Dans une récente causerie, nous avons résumé dans ces colonnes les principes essentiels de l’acte respiratoire en tant qu’élément de l’éducation physique normale, c’est-à-dire au cours d’un exercice de faible intensité. Dans ces conditions, il est vrai de dire, selon l’expression classique, qu’on aspire l’air par le nez et qu’on le rejette par la bouche à peine entr’ouverte.

Mais, lorsque le rythme des mouvements devient rapide et prolongé, et à plus forte raison en course, lorsque le débit respiratoire devient intense, il est bien évident qu’il faut ouvrir la bouche, et que l’on respire alors « comme on peut », sans avoir la possibilité de s’en tenir aux principes classiques. La bouche plus ou moins ouverte doit alors jouer le rôle que le nez ne suffit plus à assurer seul, même s’il est d’une perméabilité normale, ce qui est d’ailleurs plus rare qu’on ne le croit, même chez de grands champions, même chez des sujets qui ont été traités correctement.

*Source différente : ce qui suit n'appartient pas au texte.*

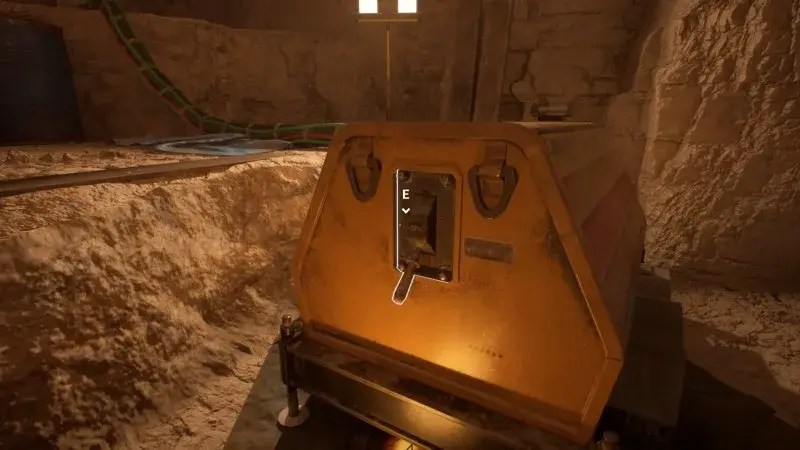 Yellow generator with an interaction lever in a lit cavern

Une amplitude suffisante des mouvements des bras facilitera grandement le jeu du thorax et du cou. On court avec ses bras presque autant qu’avec ses jambes, et il suffit d’observer à quel point « l’enlèvement » du tronc à chaque foulée par un bon jeu des bras facilite la progression des bons coureurs, pour comprendre à quel point était ridicule le désuet « pas de gymnastique » de notre enfance, où on obligeait les scolaires et les soldats à courir les coudes collés au corps. Tous les muscles des bras, du cou, des épaules et du tronc, doivent être, en course, décontractés autant que possible, pour que les foulées progressent en souplesse, pour que l’ensemble ne donne pas cette impression d’être « désuni », comme on le constate si souvent chez des coureurs médiocres. Regardez courir un pur sang, un ours ou un chat : vous avez une impression de souplesse, parfois même d’ondulation, qui est aussi le propre des coureurs de grande classe. Lorsque Valmy courra décontracté, il est probable qu’il améliorera encore ses records déjà remarquables. C’est la condition nécessaire à obtenir la liberté de respiration, sans laquelle toute performance devient impossible.

Car, dans l’effort violent, il arrive rapidement un moment où l’on ne peut plus rythmer exactement la respiration sur les mouvements ou sur la foulée, comme nous avons recommandé de le faire dans les exercices préparatoires ou éducatifs. Il faut cependant, même à partir de ce moment, s’efforcer de conserver le contrôle de sa respiration par rapport aux gestes, par rapport au jeu des jambes, pour prendre le cas le plus typique, celui de la course à pied. Comme le rythme de la respiration est, par définition, le plus lent, il faut s’efforcer de le décomposer en temps égaux. Et cette décomposition doit devenir, au cours de l’entraînement, tellement naturelle lorsqu’on s’y sera sérieusement habitué, qu’on n’aura plus à y songer et qu’elle deviendra automatique et quasi inconsciente le jour de la compétition, sans en éprouver aucune contrainte.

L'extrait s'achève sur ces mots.